Молодцеватость и военная стройность у него прежние, и это больше всего от высоких зеркально-светлых сапог. Я помню, что по части высоких сапог он знаток и страстный любитель. «Волнуют меня только две вещи на свете, — уверял он часто, — во-первых, мировая революция, во-вторых, хорошие сапоги».
Он заглядывает в узкую половинку шкафа и притворно изумляется:
— Смотрите, пожалуйста! Оказывается, есть еще порох в пороховницах!
В высоко поднятой руке у него бутылка водки.
— Как у вас тут, употребляют? Ну, ясное дело. Это только Сольц не велит, да и то, наверное, у себя дома прикладывается, старичок... А ты, Катюша, устрой-ка нам, знаешь, это самое, вроде Володи, одним словом, из помидоров с огурцами. И еще там, что вздумаешь.

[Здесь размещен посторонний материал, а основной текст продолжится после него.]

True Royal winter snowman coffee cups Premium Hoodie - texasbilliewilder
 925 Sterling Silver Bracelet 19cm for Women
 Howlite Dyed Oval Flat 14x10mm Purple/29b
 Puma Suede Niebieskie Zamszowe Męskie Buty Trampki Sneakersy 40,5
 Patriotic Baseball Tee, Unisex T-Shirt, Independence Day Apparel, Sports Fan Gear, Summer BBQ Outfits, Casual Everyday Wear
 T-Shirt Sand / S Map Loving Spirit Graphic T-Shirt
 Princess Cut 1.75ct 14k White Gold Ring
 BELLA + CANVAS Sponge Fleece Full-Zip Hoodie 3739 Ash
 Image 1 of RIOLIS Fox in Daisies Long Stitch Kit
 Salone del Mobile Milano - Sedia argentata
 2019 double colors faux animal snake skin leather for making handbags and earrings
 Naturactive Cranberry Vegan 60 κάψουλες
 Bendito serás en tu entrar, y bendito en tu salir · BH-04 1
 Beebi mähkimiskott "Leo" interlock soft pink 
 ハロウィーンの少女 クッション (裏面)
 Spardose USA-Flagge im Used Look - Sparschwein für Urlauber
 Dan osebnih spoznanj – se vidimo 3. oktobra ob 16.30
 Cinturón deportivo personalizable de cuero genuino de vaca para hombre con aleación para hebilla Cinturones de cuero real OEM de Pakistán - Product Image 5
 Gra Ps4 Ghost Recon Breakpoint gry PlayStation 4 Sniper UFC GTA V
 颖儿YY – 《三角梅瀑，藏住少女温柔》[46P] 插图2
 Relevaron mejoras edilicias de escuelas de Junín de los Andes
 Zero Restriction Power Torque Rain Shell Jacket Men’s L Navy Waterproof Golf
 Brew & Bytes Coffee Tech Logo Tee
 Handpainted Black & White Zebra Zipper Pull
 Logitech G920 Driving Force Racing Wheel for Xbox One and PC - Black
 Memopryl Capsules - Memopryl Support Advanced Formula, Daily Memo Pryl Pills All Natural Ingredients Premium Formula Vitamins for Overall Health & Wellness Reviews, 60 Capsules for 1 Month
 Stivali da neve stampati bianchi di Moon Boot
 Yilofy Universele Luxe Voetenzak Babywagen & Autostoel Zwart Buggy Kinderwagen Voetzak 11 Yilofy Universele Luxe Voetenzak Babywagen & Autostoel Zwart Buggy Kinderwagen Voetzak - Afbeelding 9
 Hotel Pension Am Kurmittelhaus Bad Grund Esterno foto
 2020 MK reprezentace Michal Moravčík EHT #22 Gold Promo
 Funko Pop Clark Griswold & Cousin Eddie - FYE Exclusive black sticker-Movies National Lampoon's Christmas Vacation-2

— Что-то ты, Павел, опять зачастил, — говорит Катя укоризненно, но с всегдашней милой своей улыбкой, — серьезная такая улыбка, будто Катя прислушивается к чему-то, что внутри нее,- — Смотри, как бы не вышло с тобой то же, что в Иванове...
— Ну что ты, голубь! Это со свиданьем-то да не выпить, с армейским-то закадычным другом! Оно даже по уставу внутренней службы... — ловким, точно рассчитанным хлопком по донышку Гущин выбивает пробку, но так, что она не вылетает, а остается в горлышке. — Вот как у нас, Алексаша, работают. Квалификация! Ты как предпочитаешь: сразу заложить фундамент или мелкими пташечками?
— Да я, понимаешь, Гущин, водки-то вообще не шло...
Он отшатывается от меня и смотрит, вытаращив глаза.
— Ну-ну, брат... ты, я вижу, совсем тут забюрократился. От старых приятелей делами отговариваешься, водки не пьешь...
Я пытаюсь оправдаться:
— Не знаю уж, что-то душа не принимает. И потом сердце у меня немножко подгуляло, — говорят, вредно...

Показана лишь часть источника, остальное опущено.